# Flutter postmortem: Build Breakage on 2016-11-08 Status: final
Owners: chinmay ## Summary Description: Travis reported failures on builds
Component: flutter repository
Date/time: 2016-11-07 21:30
Duration: 16h 45m
User impact: Flutter team members were unable to merge new PRs. Users would have been unable to run flutter tests if they upgraded, though we did not receive complaints during the outage. ## Timeline (all times in PST/PDT) ### 2016-10-24 A change to package:args is committed ([591f9c](https://github.com/dart-lang/args/pull/55/commits/08b1b5301de1aa3f18dedf9343ea637a58591f9c)) that introduces a bug whereby `run()` no longer returns the value returned by the command. ### 2016-11-02 **15:11** The [change](https://github.com/dart-lang/args/pull/55) to package:args is merged into the args repository. ### 2016-11-07 **16:27** Dart package:args tag 0.13.6+1 is cut -- and shortly after is pushed to pub **<START OF OUTAGE>**
**21:36** ianh reports that Travis is upset and all PRs are failing 2016-11-08 **07:52** danrubel reports that Travis is still failing
**11:03** chinmaygarde reports he’s facing the same breakage in his pending PR
**11:07** Issue is reproduced locally. chinmaygarde, jsimmons and danrubel begin looking for the root cause of the breakage.

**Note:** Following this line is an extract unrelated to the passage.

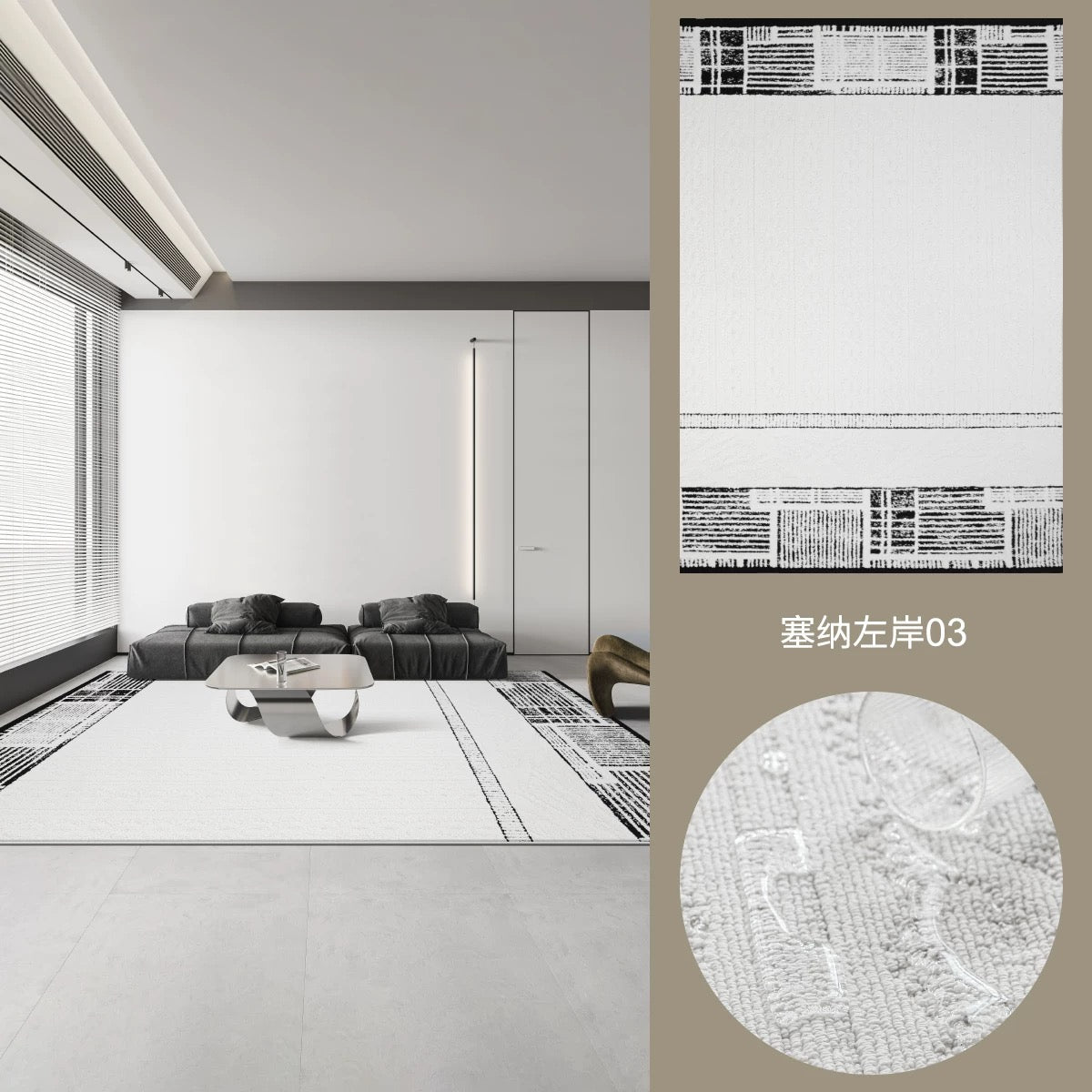 Classic Scandinavian 3D design Wilton woven carpet (Seine River)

**13:08** Root cause of outage identified as a new version of package:args that Flutter picked up whereby `run()` no longer returns the value returned by the command (so we couldn’t get accurate exit codes).
**13:19** Flutter PR [#6765](https://github.com/flutter/flutter/pull/6765) sent to pin Flutter to a known good version of package:args
**13:42** [fb3bf7a](https://github.com/flutter/flutter/commit/fb3bf7a9d776c81651e3d65268d02ef97a259e1c) identified as root cause of the internal breakage.

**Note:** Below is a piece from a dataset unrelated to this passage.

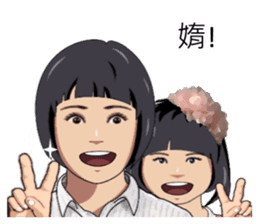Speak Taiwanese, write Taiwanese sticker #14638002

**14:15** Fix lands. **<END OF OUTAGE>** ## Root causes A bug was introduced in package:args that was picked up by Flutter.  Flutter was vulnerable to this bug because our external dependencies have open-ended version constraints, so the stability of our codebase is not hermetic. This was an intentional choice; we have experienced this failure mode previously, and have been running on the basis that we are not yet stable enough to deal with the costs of being hermetic. ## Action items ### Prevention | Action Item | Owner | Tracking bug | Notes | |-------------|-------|--------------|-------| | Pin our external Dart dependencies to specific versions to ensure that our public stability is hermetic. | chinmay | [#6767](https://github.com/flutter/flutter/issues/6767) | | ### Detection | Action Item | Owner | Tracking bug | Notes | |-------------|-------|--------------|-------| | We should have a continuous monitoring bot that tries to run all our tests | ianh | [#6777](https://github.com/flutter/flutter/issues/6777) | | ### Mitigation None. ### Process None. ### Fixes | Action Item | Owner | Tracking bug | Notes | |-------------|-------|--------------|-------| | Update our package:args dependency to a known good version | danrubel | [PR #6575](https://github.com/flutter/flutter/pull/6765) | Done | | Deploy a forward-rolling bot that goes red if our dependencies release a breaking change, and otherwise updates us to the latest versions of everything. | ianh | [#4696](https://github.com/flutter/flutter/issues/4696) | | ## Lessons learned ### What worked * Once the Flutter team had a clear set of owners for the issue, it was root-caused and resolved quickly. ### Where we got lucky * The outage did not break users. It likely would have if we had a larger userbase. ### What didn't work * There were indications of the breakage as early as 2016/11/07 21:30, yet the team didn’t start looking into it in earnest until 2016/11/08 11:00. Once we get to the point where our build is hermetic (so we control our own stability) and we separate production artifacts from development artifacts (e.g., have a release branch), then we should consider providing an SLA, at which time we’d have to create processes around how to maintain that SLA.